Find the largest four-digit number which when divided by 4, 7 and 13 leaves a remainder of 3 in each case.

Answer 1

Given: Find the largest four-digit number which, when divided by 4, 7 and 13, leaves remainder 3 in each case.

Step-wise calculation:

1. If n leaves remainder 3 on division by 4, 7 and 13, then n ≡ 3 (mod 4), n ≡ 3 (mod 7), n ≡ 3 (mod 13).

2. Hence, n – 3 is divisible by 4, 7 and 13, so n – 3 is a multiple of lcm(4, 7, 13).

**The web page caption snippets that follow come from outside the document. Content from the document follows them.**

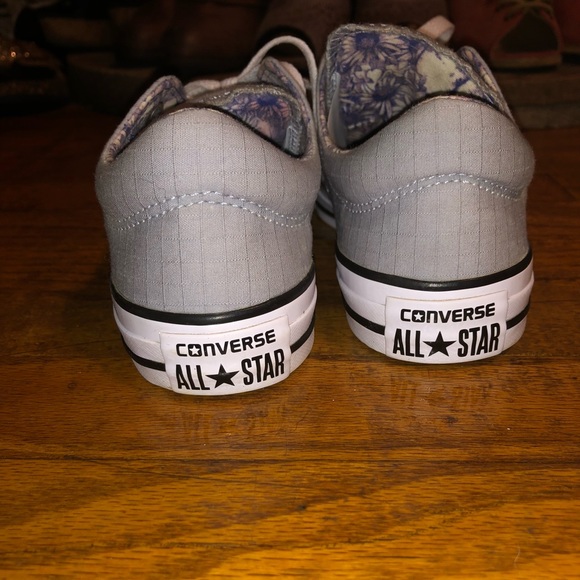 BRAND NEW GREY CONVERSE - Picture 3 of 7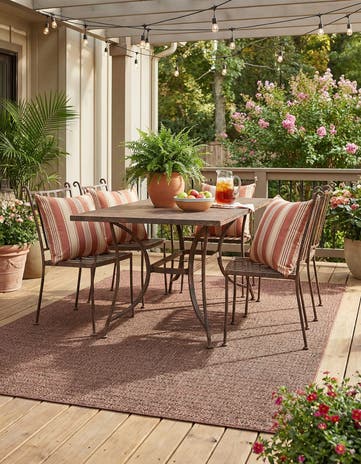 6' x 9' Easy-Clean Modern Indoor / Outdoor Rug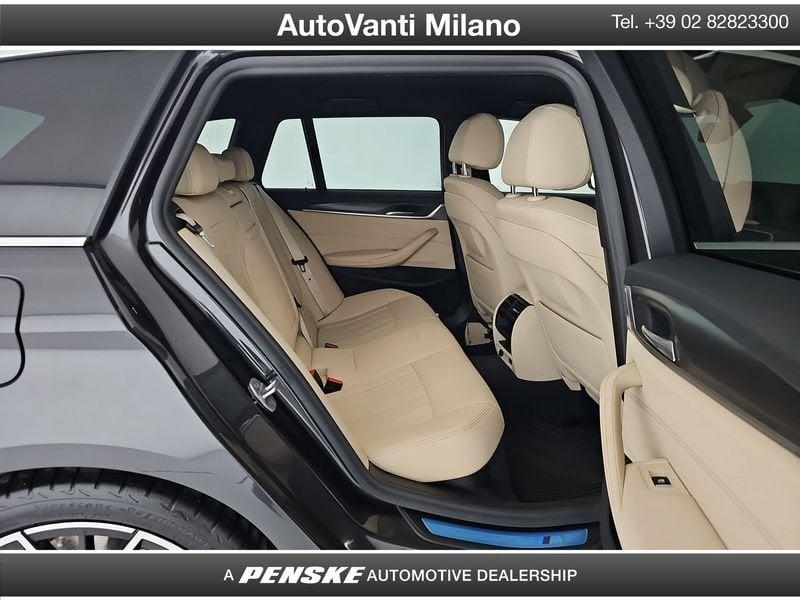 BMW Serie 5 530d 48V xDrive Touring Msport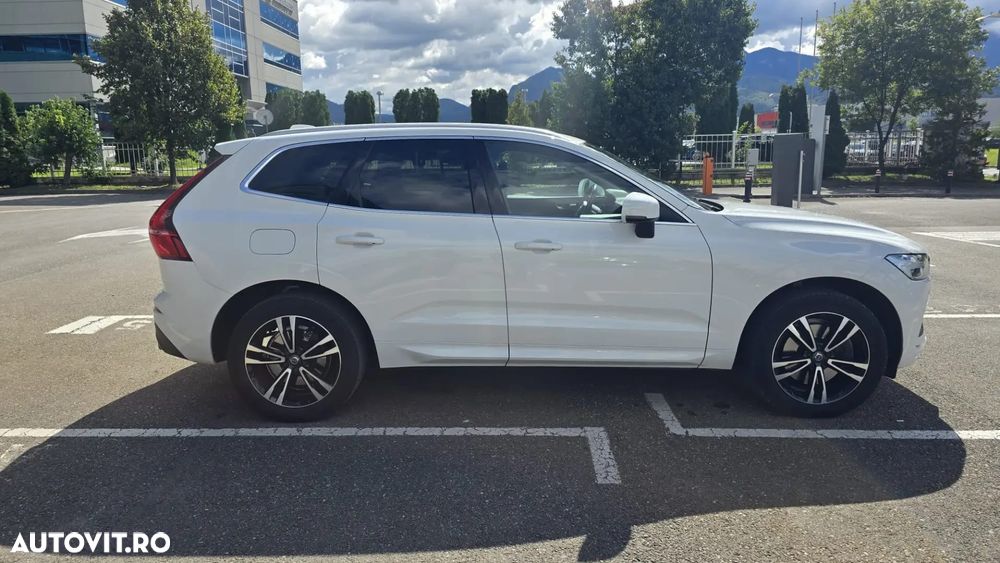 Volvo XC 60 D4 AWD Geartronic Momentum - 22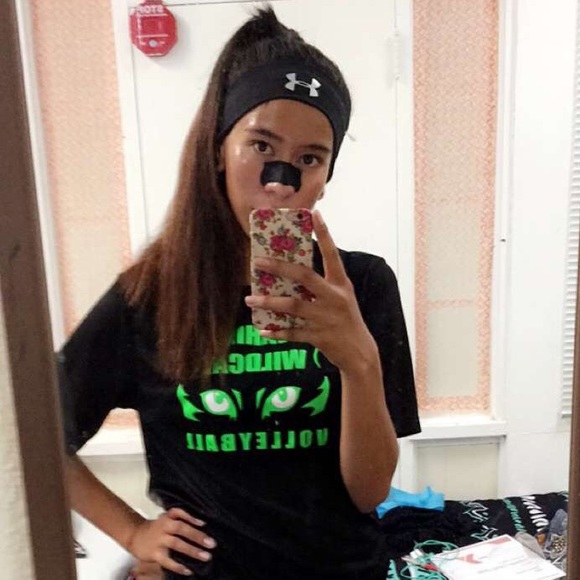 Profile Picture of Selena Alapai (@nalabuu) on Poshmark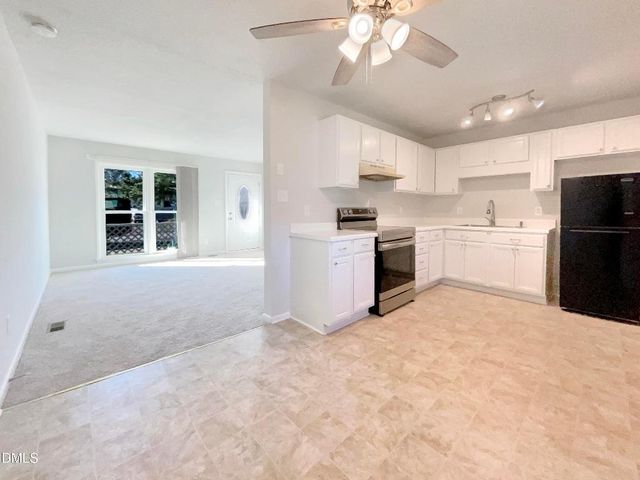 154 Rosebud Street, Spring Lake, NC 28390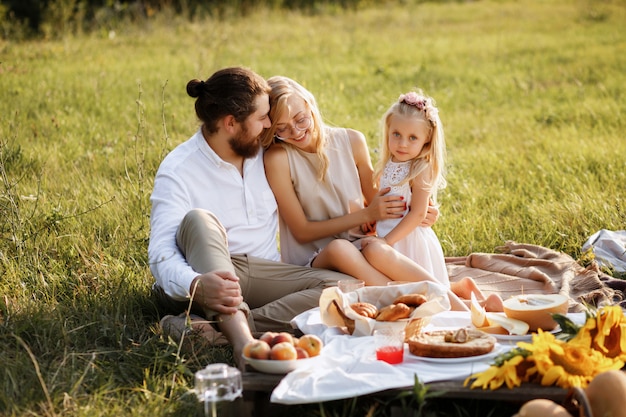 gelukkige familie in de zomer bij zonsondergang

3. lcm(4, 7, 13) = 4 × 7 × 13 = 364.

So, n = 364k + 3 for some integer k.

4. The largest four-digit number is 9999.

So, 364k + 3 ≤ 9999

⇒ 364k ≤ 9996

⇒ `k ≤ 9996/364`

5. Compute k:

364 × 27 = 9828

364 × 28 = 10192 (> 9996)

So, kmax = 27.

6. Therefore n = 364 × 27 + 3

= 9828 + 3

= 9831

7. Verification:

9831 ÷ 4 = 2457 R3,

9831 ÷ 7 = 1404 R3,

9831 ÷ 13 = 756 R3.

The largest four-digit number with the required property is 9831.